What to do: No pictures, nothing altered: return the data below.

Records supplied:

——

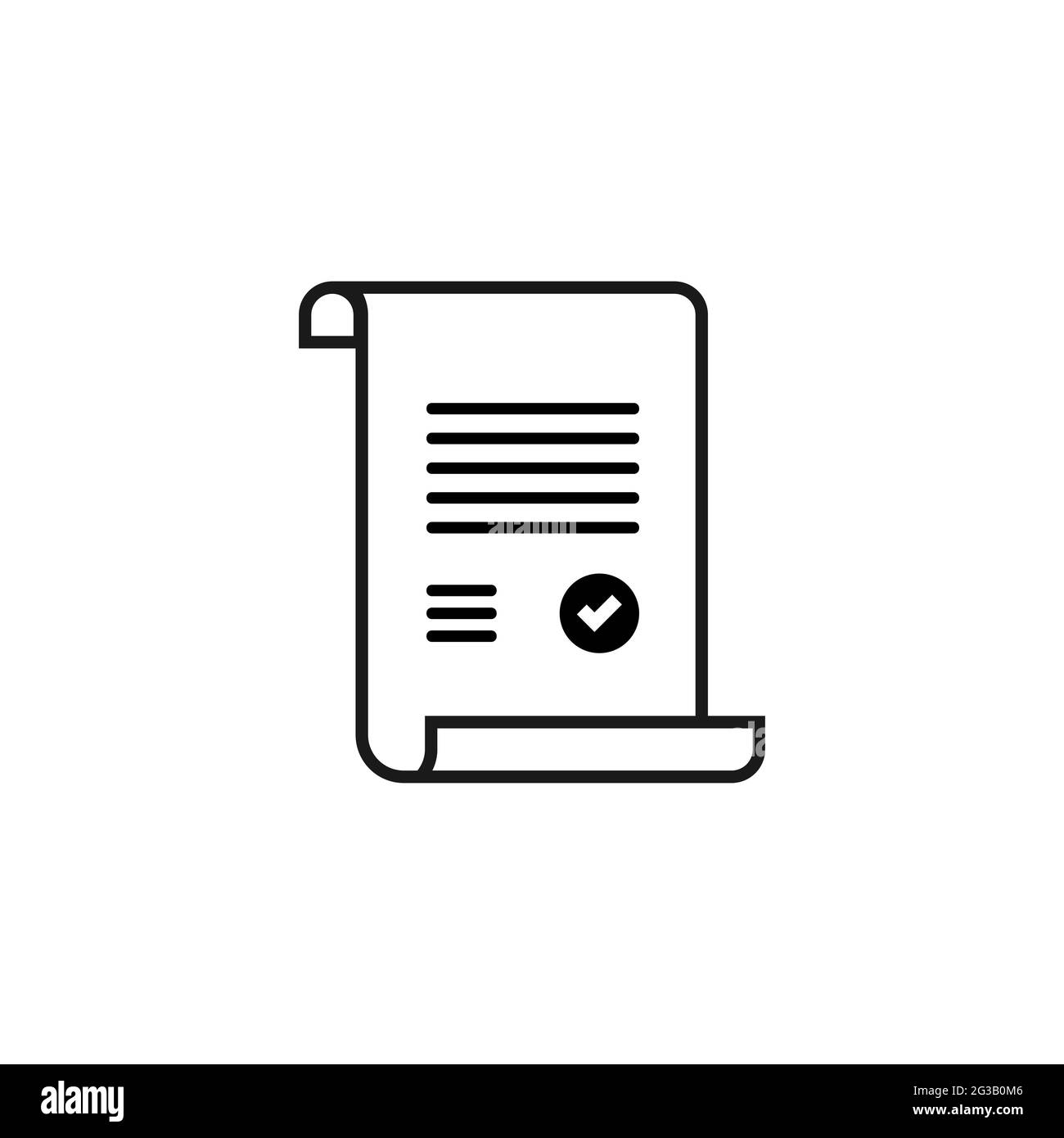 Contract or certificate signing. Business agreement memorandum with stamp or validation seal. Legal document. Vector black line icon Stock Vector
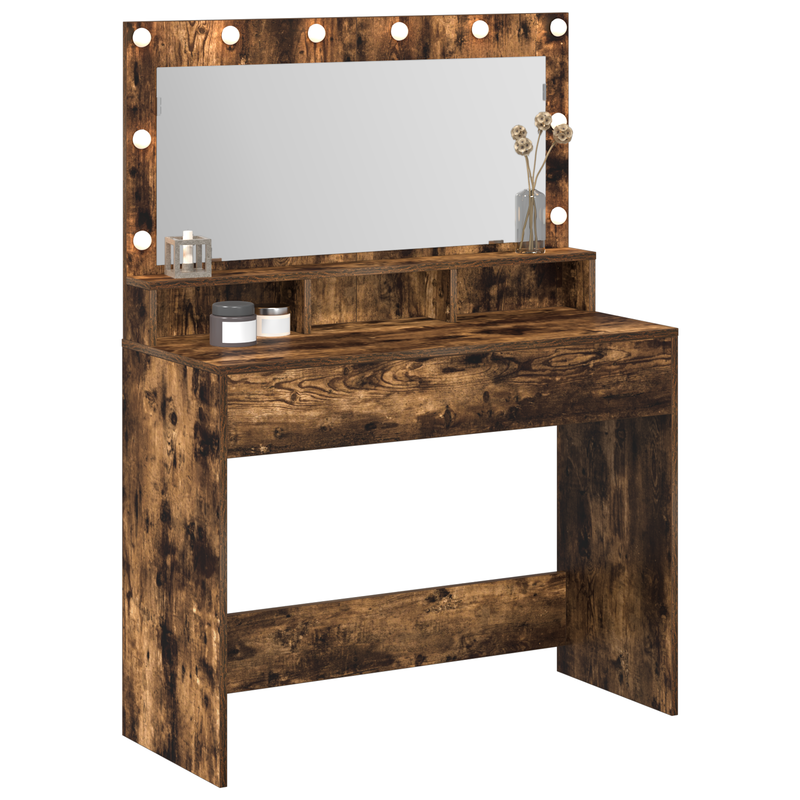 vidaXL Sminkasztal polcokkal Füstölt tölgy 100 x 41 x 135 cm Faanyag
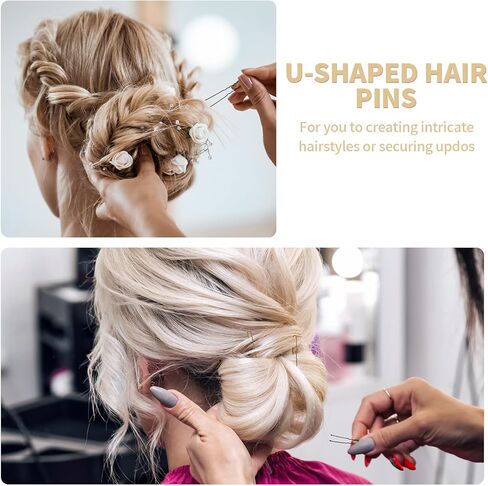 U Shaped Hair Pins -2.4 Inch 250 Count, Professional Hair Styling Pins for Women, Girls, and Hairdressing Salons - Includes Clear Storage Box for Updos and Bun Hair (Blonde) in Kuwait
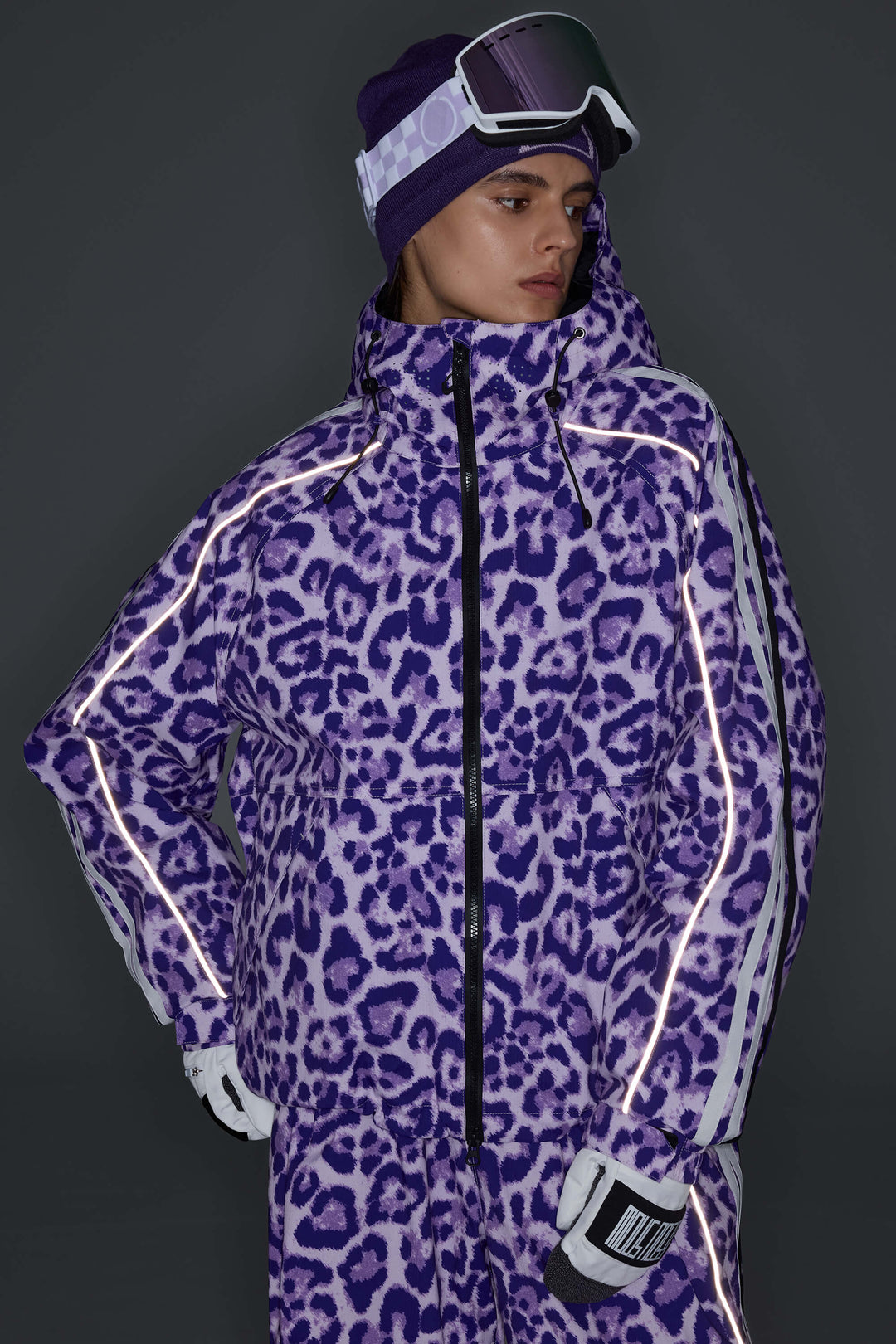 Women's Mono Leopard Retro Track Stripe Reflective Snow Jacket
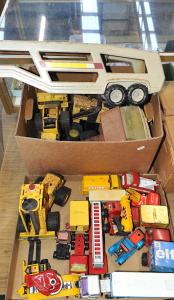 Lot 028 - Large group of vintage Tonka Trucks inc large Car Carrier, Shell fuel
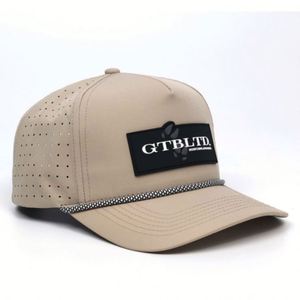 Popular <b>Khaki</b> Color Custom Pvc Patch Waterproof Laser Cut <b>Hats</b> Rope Drilling <b>Hat</b> - Product Image 3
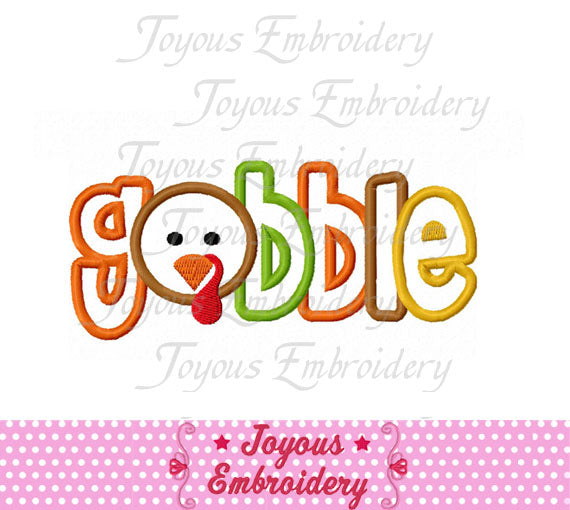 Thanksgiving Turkey Gobble Applique Embroidery Design NO:1545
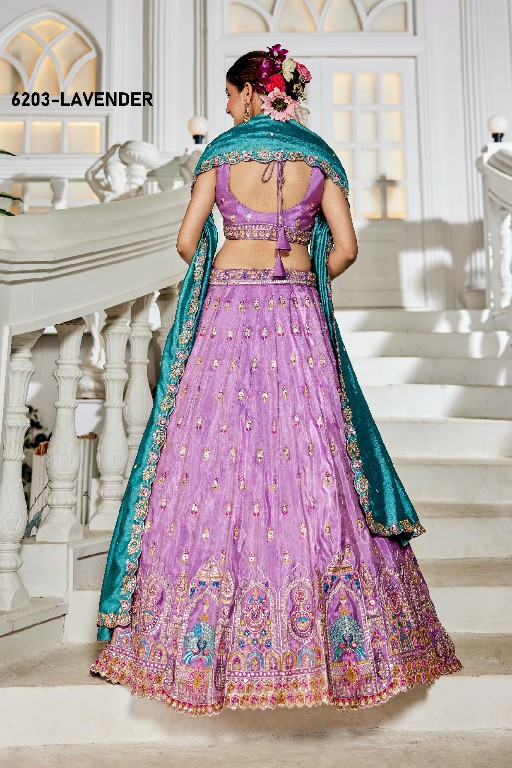 PF SERIES D.NO 6203 WHOLESALE TISSUE WITH WORK FESTIVE WEAR LEHENGA CHOLI FOR EXPORT
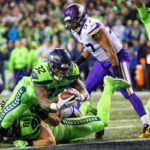 seattle seahawks scramble for the ball last night to come from behind and claim victory over the minnesota vikings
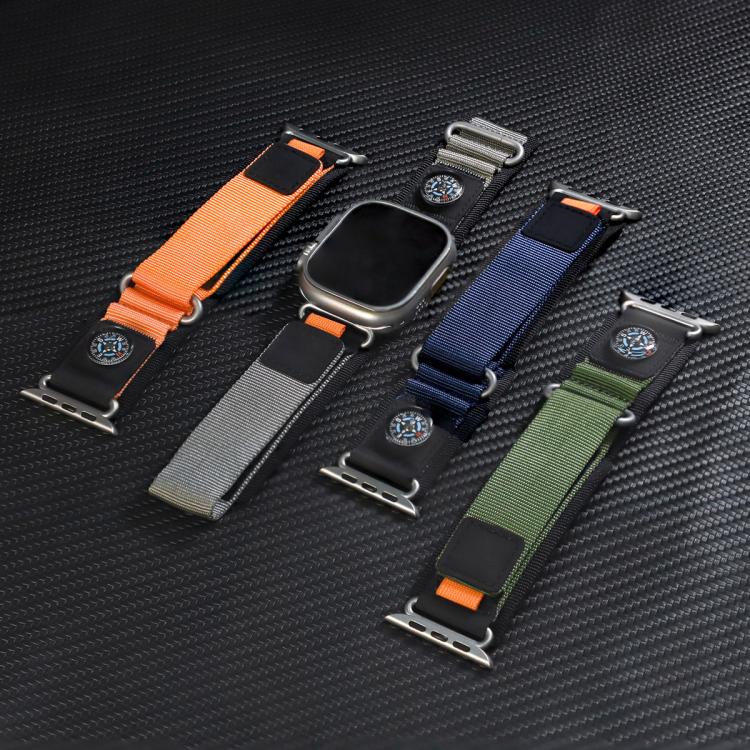 For Apple Watch 42mm / 41mm / 40mm / 38mm Compass Nylon Loop Watch Band(Black Orange)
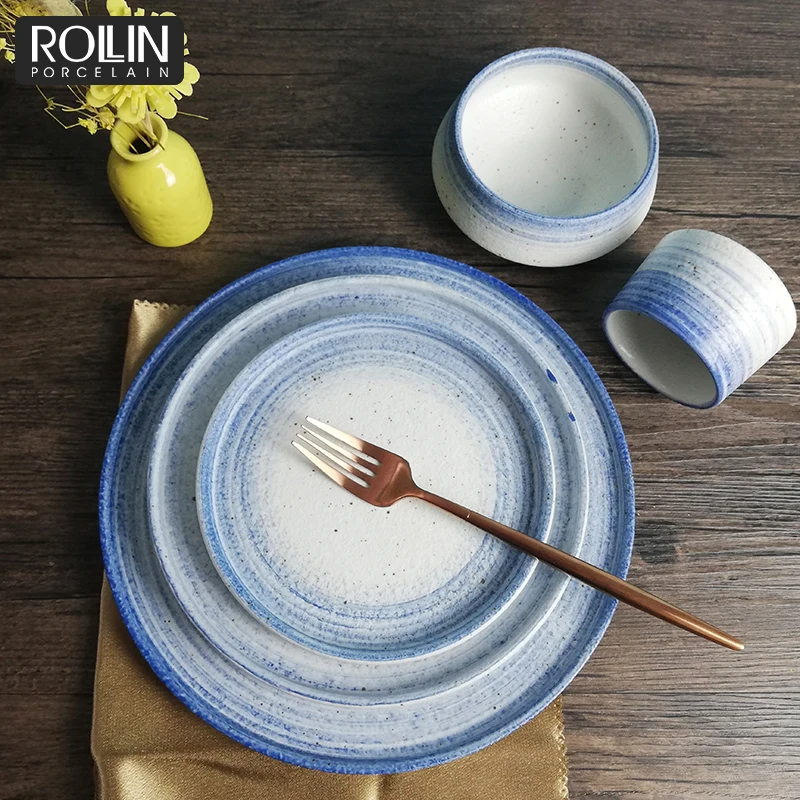 High quality stoneware dinnerware Set ceramic porcelain stickness blue plate set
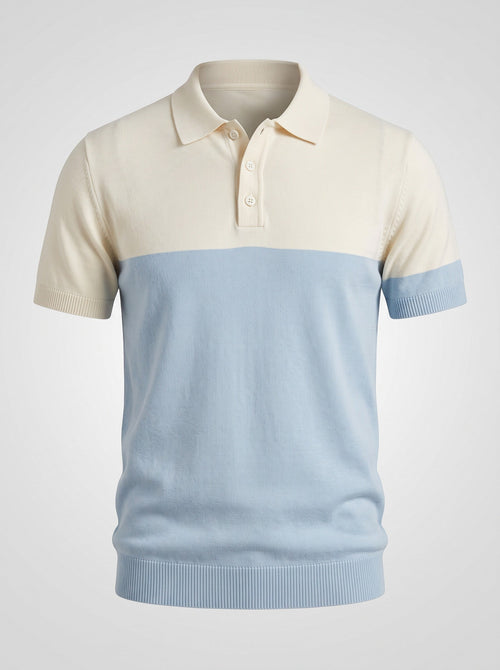 The Deck Chair knit polo shown front on, ecru yoke and sleeves above a pale blue body with blue ribbed cuffs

——

Task output:
 Contract or certificate signing. Business agreement memorandum with stamp or validation seal. Legal document. Vector black line icon Stock Vector
 vidaXL Sminkasztal polcokkal Füstölt tölgy 100 x 41 x 135 cm Faanyag
 U Shaped Hair Pins -2.4 Inch 250 Count, Professional Hair Styling Pins for Women, Girls, and Hairdressing Salons - Includes Clear Storage Box for Updos and Bun Hair (Blonde) in Kuwait
 Women's Mono Leopard Retro Track Stripe Reflective Snow Jacket
 Lot 028 - Large group of vintage Tonka Trucks inc large Car Carrier, Shell fuel
 Popular <b>Khaki</b> Color Custom Pvc Patch Waterproof Laser Cut <b>Hats</b> Rope Drilling <b>Hat</b> - Product Image 3
 Thanksgiving Turkey Gobble Applique Embroidery Design NO:1545
 PF SERIES D.NO 6203 WHOLESALE TISSUE WITH WORK FESTIVE WEAR LEHENGA CHOLI FOR EXPORT
 seattle seahawks scramble for the ball last night to come from behind and claim victory over the minnesota vikings
 For Apple Watch 42mm / 41mm / 40mm / 38mm Compass Nylon Loop Watch Band(Black Orange)
 High quality stoneware dinnerware Set ceramic porcelain stickness blue plate set
 The Deck Chair knit polo shown front on, ecru yoke and sleeves above a pale blue body with blue ribbed cuffs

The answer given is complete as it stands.